Os conflitos entre empresas construtoras de grandes obras de infraestrutura e comunidades que dependem das florestas afetadas por essas obras já são grandes e tendem a aumentar.  As previsões futuras das atividades de mineração, gás e petróleo, pecuária e agricultura industrial em áreas de florestas tropicais falam em duplicação ou até triplicação nas próximas décadas (veja Boletim 188 do WRM), significando também um aumento proporcional em termos de grandes hidrelétricas, redes rodoviárias e fluviais, e portos. Para piorar, nós contribuímos de alguma forma para essas obras através de dinheiro de nossos impostos, transformados em empréstimos subsidiados para esse tipo de projeto, concedido por bancos públicos de desenvolvimento nacionais ou multilaterais. Há, também, fundos de pensão e outros fundos de investimento que fazem parte do sistema do capital financeiro e que investem em infraestrutura.

 

Muitas comunidades buscam resistir arduamente à “ofensiva” de projetos destrutivos, inclusive os de infraestrutura. Neste boletim, procuramos oferecer alguns elementos para que vocês possam ter uma visão geral dos planos de infraestrutura em nível das principais regiões e países com florestas tropicais na América Latina, na África e na Ásia. Além disso, buscamos analisar algumas tendências como a de crescente financeirização e privatização dos projetos de infraestrutura, que buscam, por um lado, mais lucratividade para acionistas das empresas que participam dos empreendimentos e investidores ligados aos mercados financeiro e, por outro,  acelerar ainda mais a implementação dos projetos.

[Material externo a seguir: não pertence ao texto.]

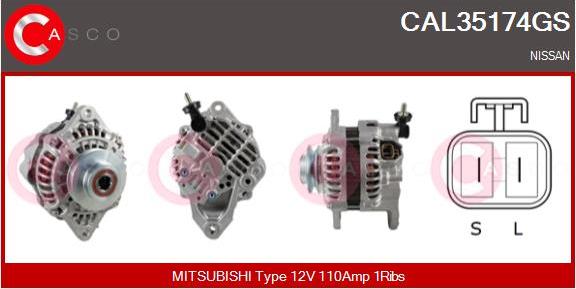 Casco CAL35174GS - Generator / Alternator aaoparts.ro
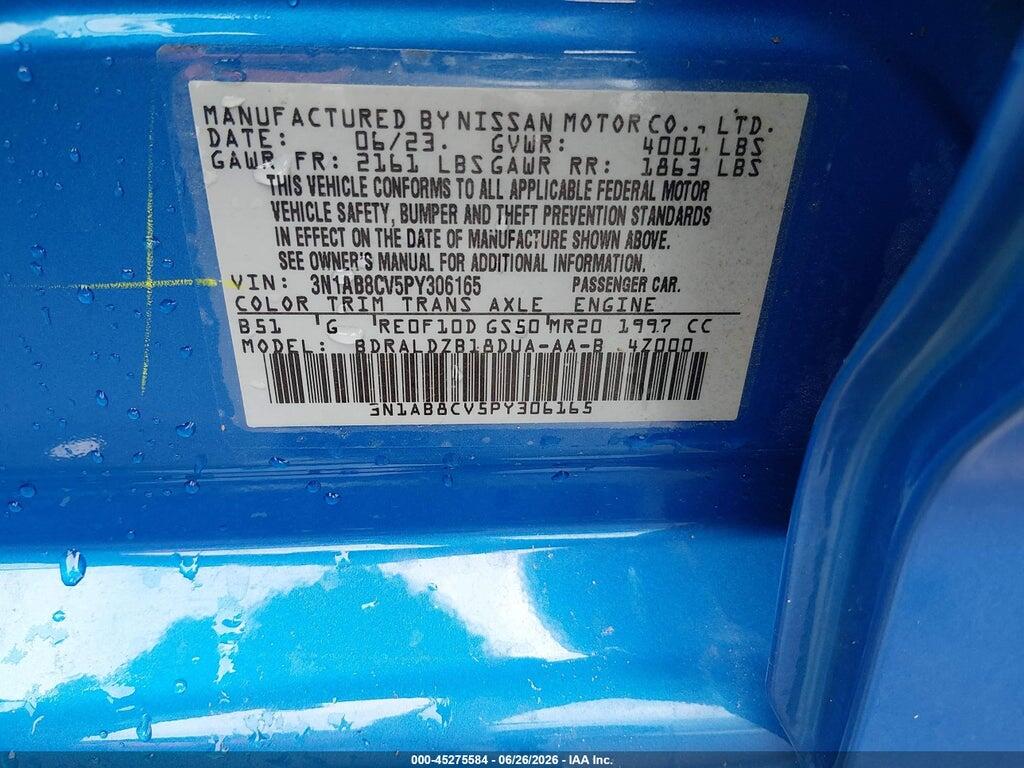 3N1AB8CV5PY306165 2023 NISSAN SENTRA photo no. 9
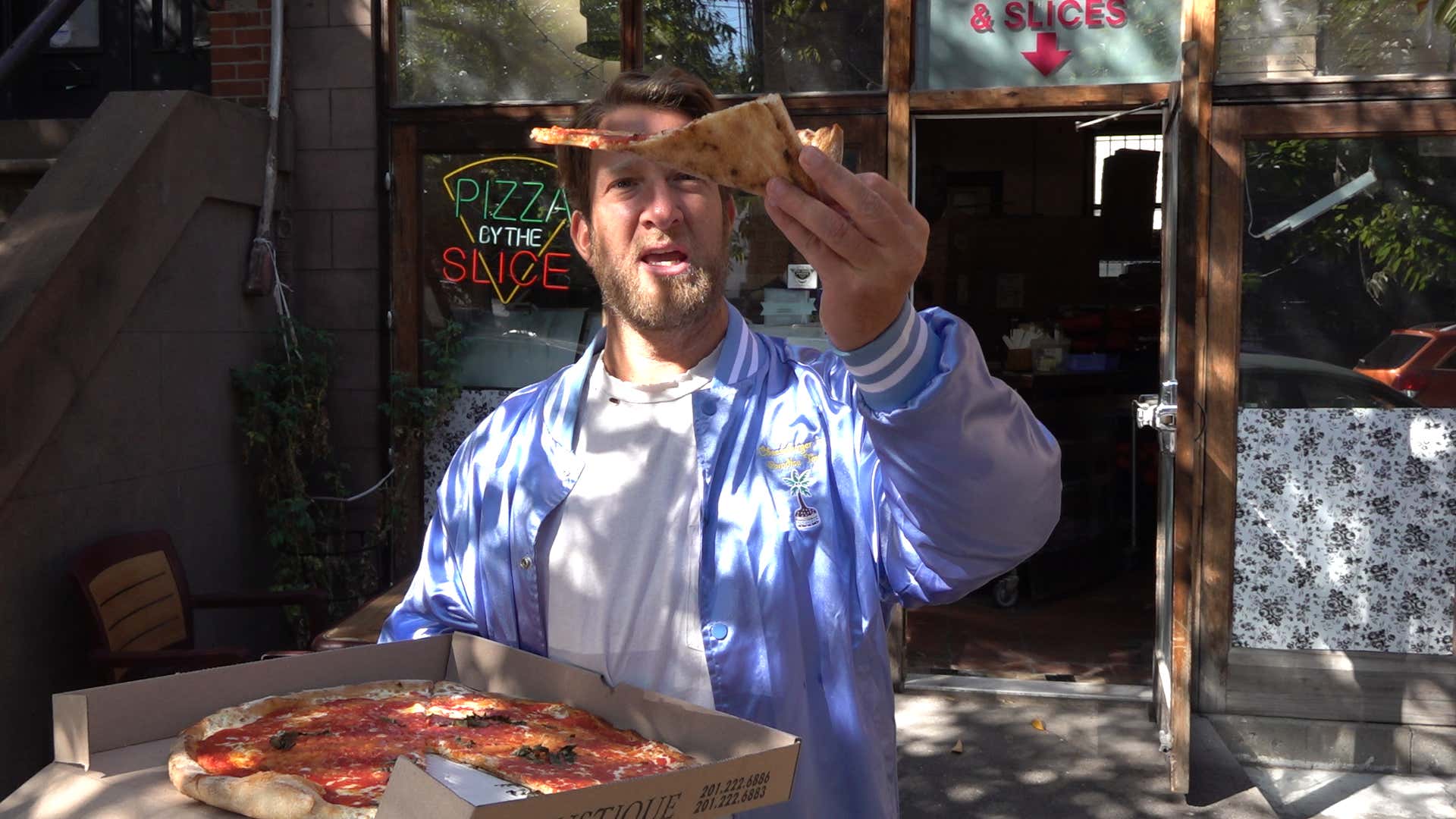 Barstool Pizza Review - Rustique Pizza (Jersey City, NJ) Bonus Joey Mo's Mac 'n' Cheese Review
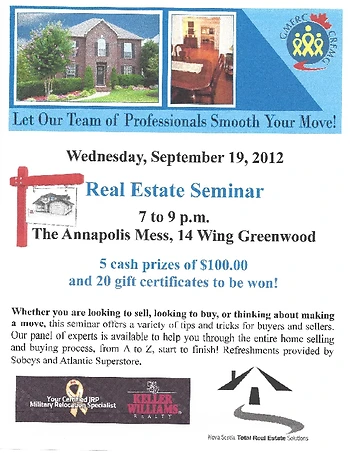 Poster for Real Estate Seminar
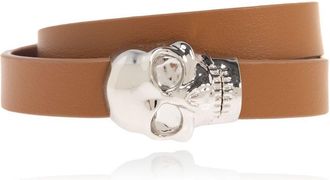 Alexander McQueen Skull Double Wrap Bracelet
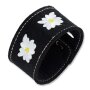 Edelweiss costume bracelet, black, made of felt, with flowers 084-04-31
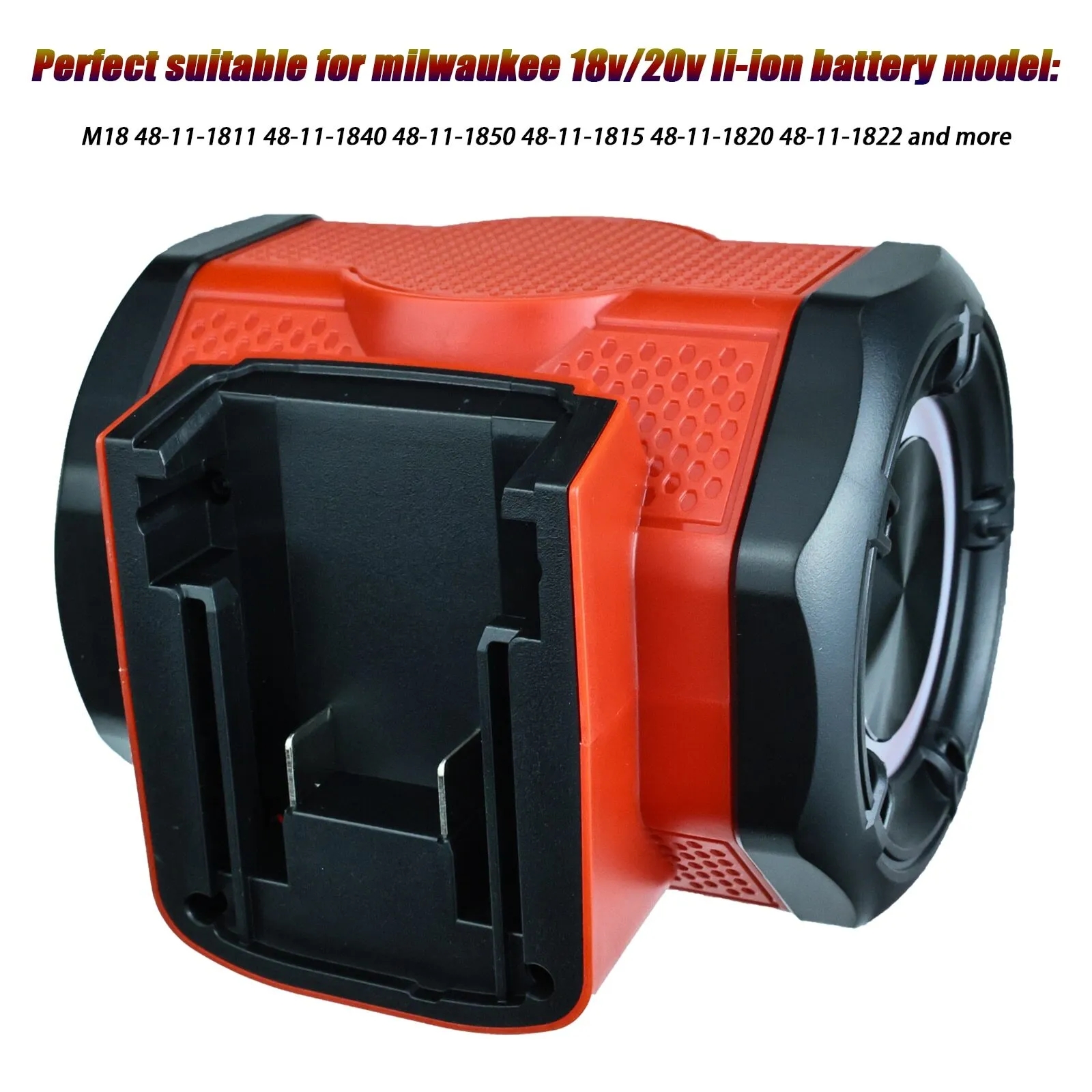 Portable Bluetooth Speaker Stero Player Cordless Loudspeaker Amplifier for Milwaukee 18V Li-ion Battery With USB Party Outdoor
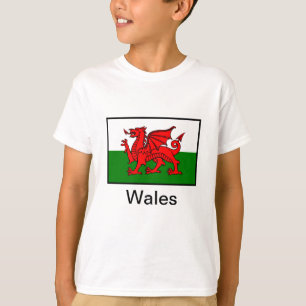 Flagge von Wales T-Shirt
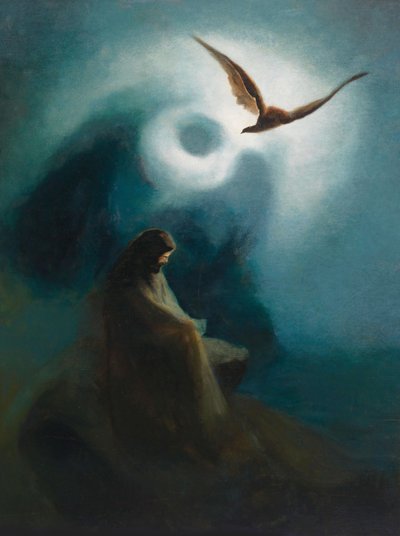 Martelaar en gekruisigd, zoon Helios door Karl Wilhelm Diefenbach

Nessa conjuntura pouco animadora, nos parece relevante travar um debate sobre qual infraestrutura queremos e para quem? O que representa infraestrutura para comunidades que vivem nas florestas? Às vezes, elas são convocadas para um evento sobre o tema, como nas chamadas audiências ou “consultas” públicas sobre um oleoduto, uma nova estrada ou uma hidrelétrica. No entanto, esses projetos já costumam ser definidos de antemão em termos de sua implementação, inviabilizando a realização de uma consulta séria. Mas é ainda muito mais raro o governo chegar junto a essas mesmas populações para ouvir o que pensam de infraestrutura, ou seja, do que elas precisam para fortalecer as bases, os fundamentos que de fato ajudem a melhorar suas vidas. Por exemplo, em relação a economia, saúde, educação, transporte, energia e comunicação. Raramente os governos estão preocupados em saber dos problemas que as comunidades enfrentam e atender a demandas formuladas a partir das suas realidades, mas cumprem com todo o rigor as agendas de construção da infraestrutura desejada e exigida pelas grandes empresas.

Os planos elaborados a partir das demandas e junto com as comunidades provavelmente serão bons planos, que buscam melhorar a qualidade de vida porque partem da realidade local, e dificilmente terão um custo que chegue perto do valor das grandes obras bilionárias de infraestrutura a serviço dos donos das empresas de minério, petróleo, gás, madeira, do agronegócio, etc. Essas obras deixam dívidas que todos, nos países onde elas se realizam, terão que pagar futuramente, sem falar do lastro de destruição deixado na floresta. Esse tipo de obra de infraestrutura não cria nenhuma base e não constrói nenhum fundamento sólido para a população que depende da floresta, porque inviabiliza perspectivas de futuro.

 

Esperamos que comunidades afetadas por essas grandes obras, cada vez mais informadas, consigam se organizar, se articular e resistir cada vez mais para que suas lutas contra os projetos destrutivos, inclusive os de infraestrutura, se fortaleçam, e suas visões e propostas sobre a infraestrutura que realmente desejam possam começar a prevalecer. E que nós as apoiemos nisso!